MLB

Steven Wright's Knuckleball Is Making American League Hitters Look Silly

The Red Sox have found a top starter right under their noses.

The knuckleballer isn't sexy.

The guy who throws the knuckler generally doesn't have a pedigree. He's the veteran starter who hasn't been able to make it in the Majors with the usual repertoire and goes to the knuckleball to try and keep his career alive.

And the pitch itself isn't glamorous. It's not an upper-90s fastball or a wipe-out slider or a knee-buckling curveball. It's gangly and awkward, like a newborn deer trying to find its footing along a crowded forest floor. Catchers often times have a hard time catching the pitch, further leading to its appearance of awkwardness.

But there's no denying that, when thrown properly, with accuracy, the knuckleball is as deadly a weapon as Noah Syndergaard's fastball, Clayton Kershaw's curveball or Chris Sale's slider. And it is a pitch that has turned Boston right-hander Steven Wright into one of the most dominant pitchers in the American League here in 2016.

On Sunday against the Baltimore Orioles, Wright's knuckler was particularly ornery, doing ridiculous things like this.


That pitch allowed Wright to throw a 122-pitch complete game against the O's on Sunday, allowing two earned runs on four hits with five walks and seven strikeouts.
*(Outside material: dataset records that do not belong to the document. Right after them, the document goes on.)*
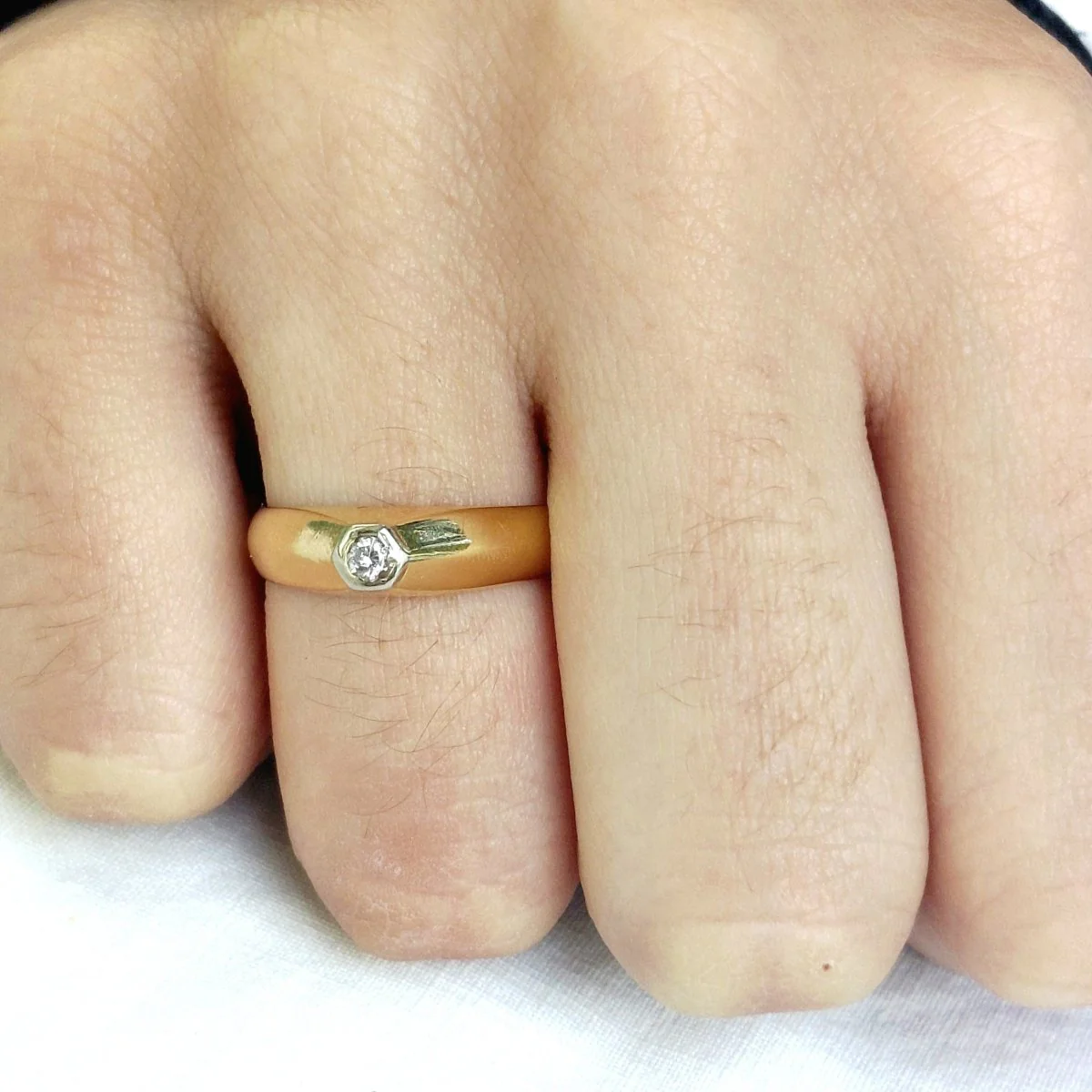 Bague Dôme en or jaune 18 carats et diamant - Image 2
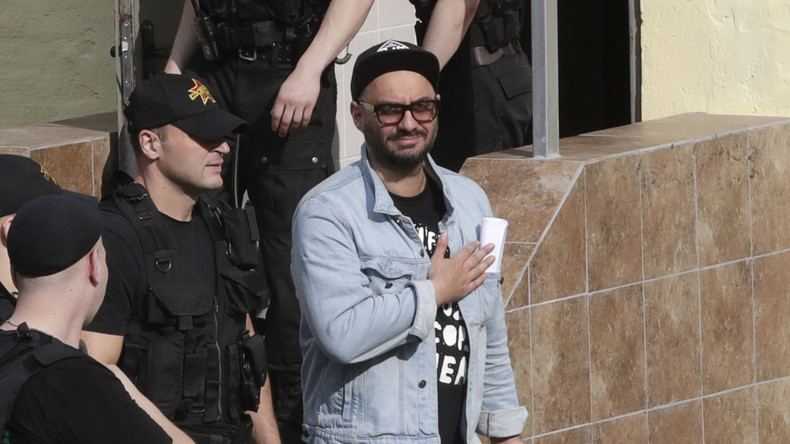 Russie : inculpé pour fraude à grande échelle, le metteur en scène Serebrennikov assigné à résidence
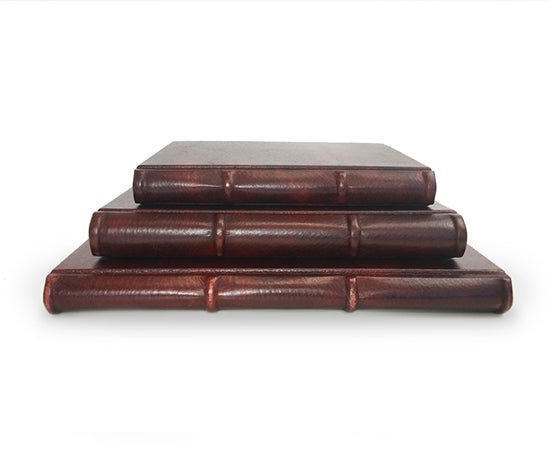 Classic leather journal with lined pages 3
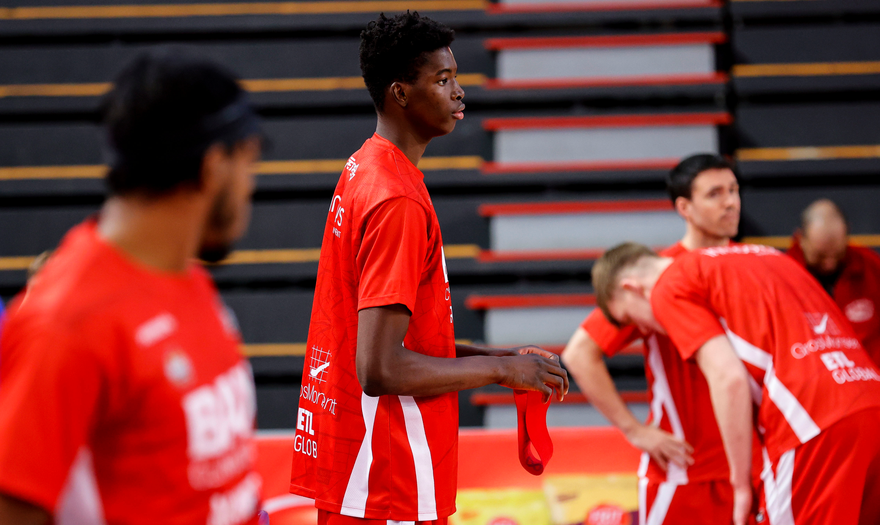 Bàsquet Manresa is looking for host families for young players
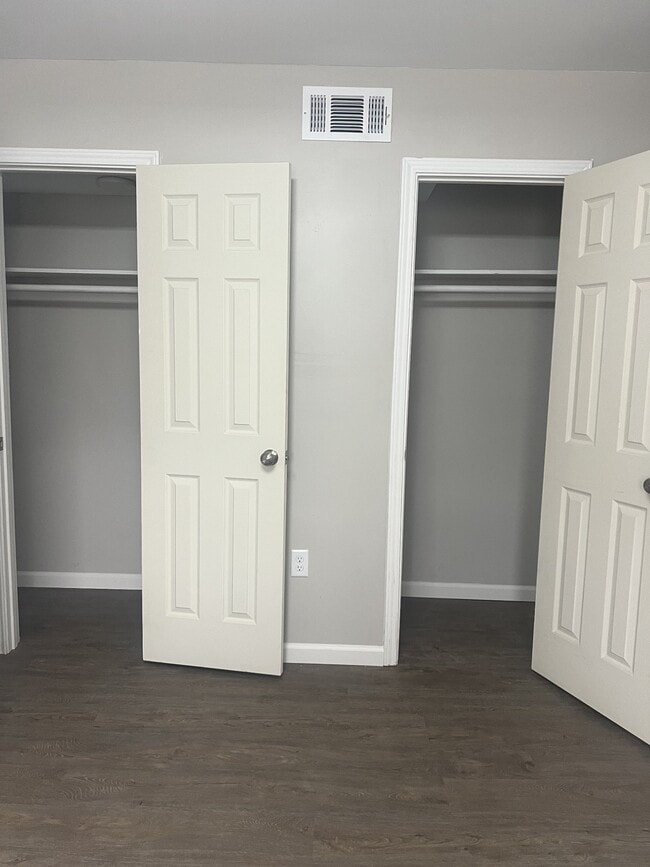 Building Photo - 9745 Long Point Rd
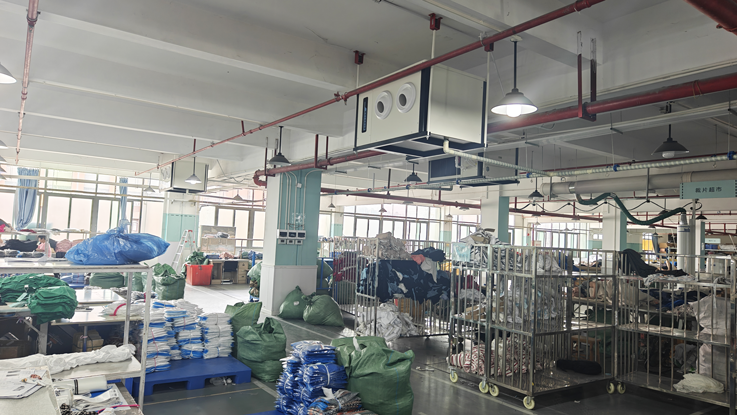 制衣廠整體制冷降溫，應(yīng)用蒸發(fā)冷省電空調(diào)-臥式射流機組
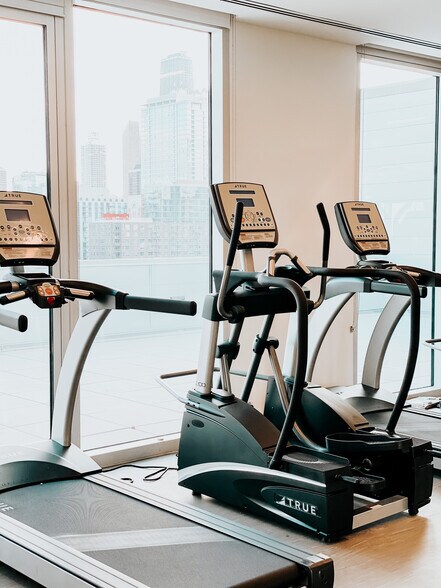 Building Photo - 334 W Schiller St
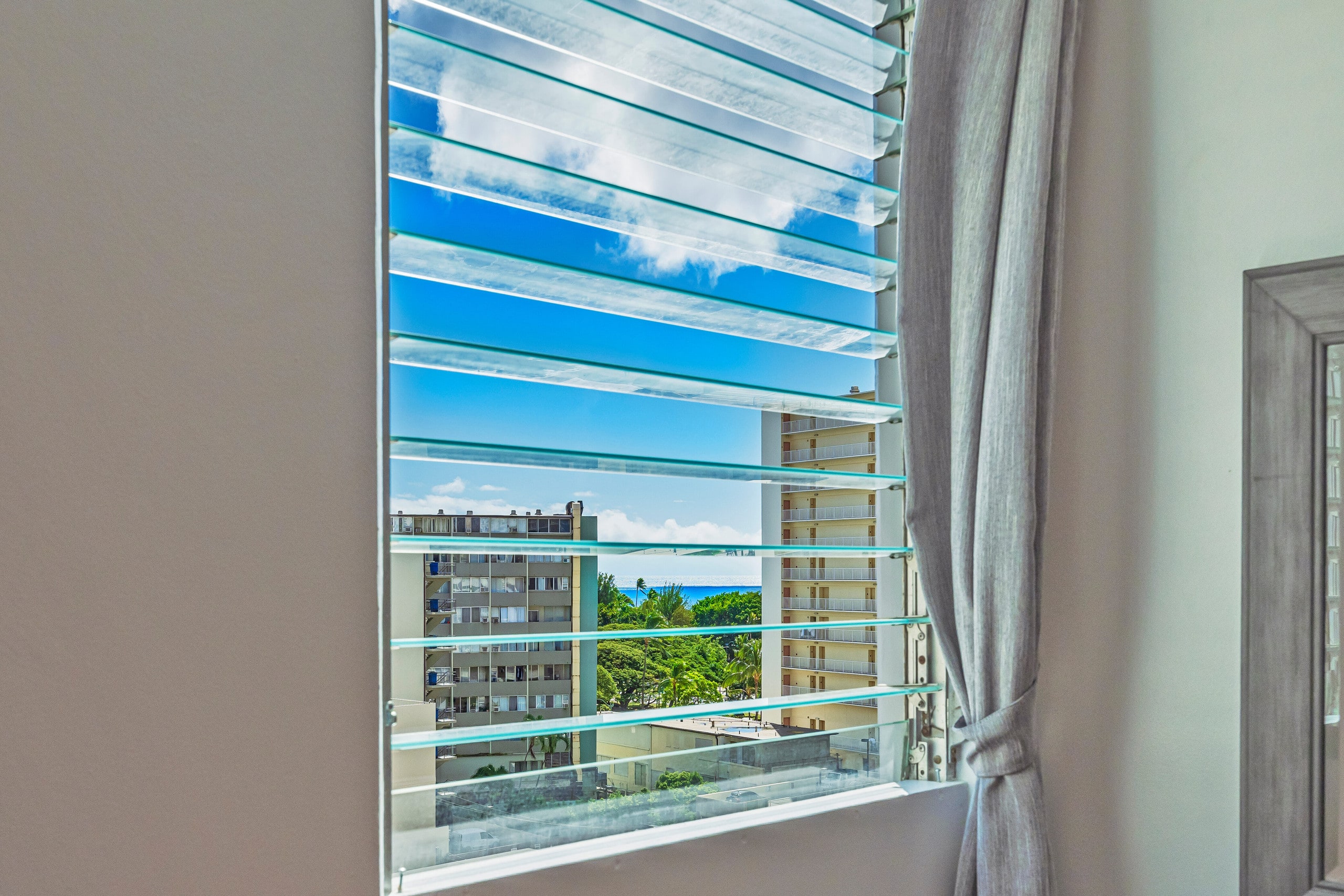 Condo in Honolulu · ★4.86 · 2 bedrooms · 3 beds · 2 baths - Image 15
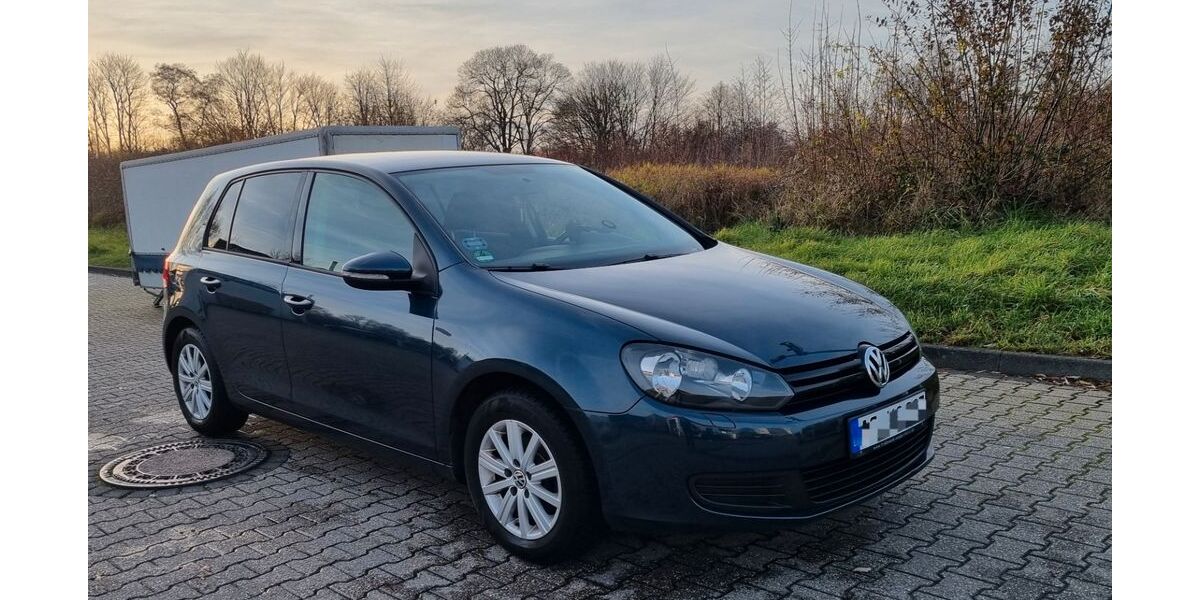 VW Golf 176.000 km 4.700 &euro; Aachen 52078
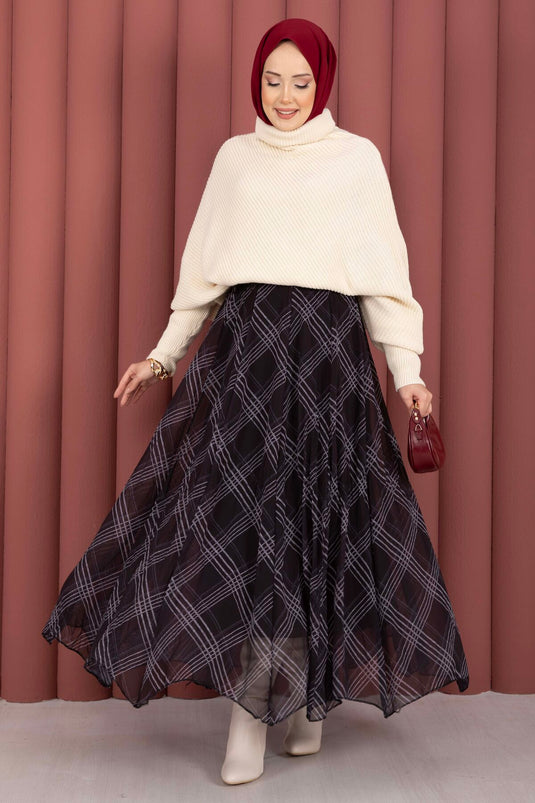 تنورة شيفون مبطنة بنقشة إيكوز باللون الأسود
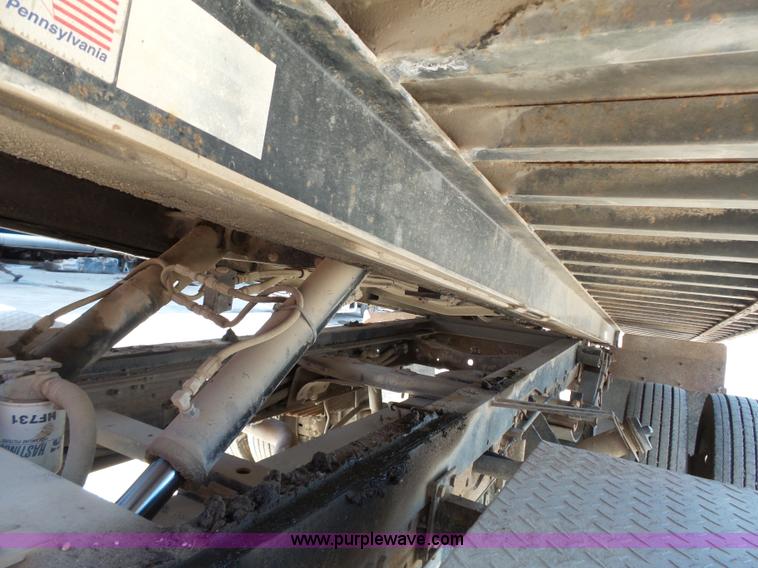 image for item BR9116 1999 Ford F550 rollback truck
In 10 starts this season (69 2/3 innings), Wright is 5-4 with a 2.45 ERA, striking out 7.88 batters per nine (K/9) while walking 3.36 per nine (BB/9).

Wright's 122 pitches were the second-most thrown in a complete game this season (San Francisco's Jeff Samardzija threw 123 earlier this season), and he's allowed just three home runs all season.

Hitters have simply been unable to square up that dancing knuckler, batting a mere .198 against Wright. And all this success has put Wright near the top of the leaderboard in a number of categories.

Stat Number Rank
ERA 2.45 6th
FIP 3.17 7th
Opp. BA .198 4th
K/9 7.88 25th
HR/9 0.39 3rd


His 69 2/3 innings this year are fifth-most among American League starters, and he's tied for the lead in quality starts (6-plus innings pitched, 3 earned runs or fewer) with 9 and in complete games, now with 3.


While Wright doesn't pile up the strikeouts, he does get more than his fair share, and combines it with a soft-hit rate of 21.5%, ninth-best in the American League (21.5% of contact against Wright is considered "softly-hit" by FanGraphs).

His knuckler tumbles up to the plate at an average of just under 74 miles an hour, about the same speed as R.A. Dickey's, which averages 75.4 mph, both of which are harder than the traditional knuckleball, which typically is about 10 mph slower. (Tim Wakefield averaged 66.2 mph on his knuckleball, for example.) That gives hitters a little less time to see the pitch, without losing any of the movement.

Look, there's not a lot to break down with a knuckleballer. The pitch has no spin and dances all over the place. Catchers have no idea where it's going, and sometimes, pitchers don't either. It's a difficult pitch to throw for strikes, but when a hurler learns how to do it, he becomes a very dangerous person.

Steven Wright has learned the gangly art of the knuckler, and is making the rest of the American League look silly in the process.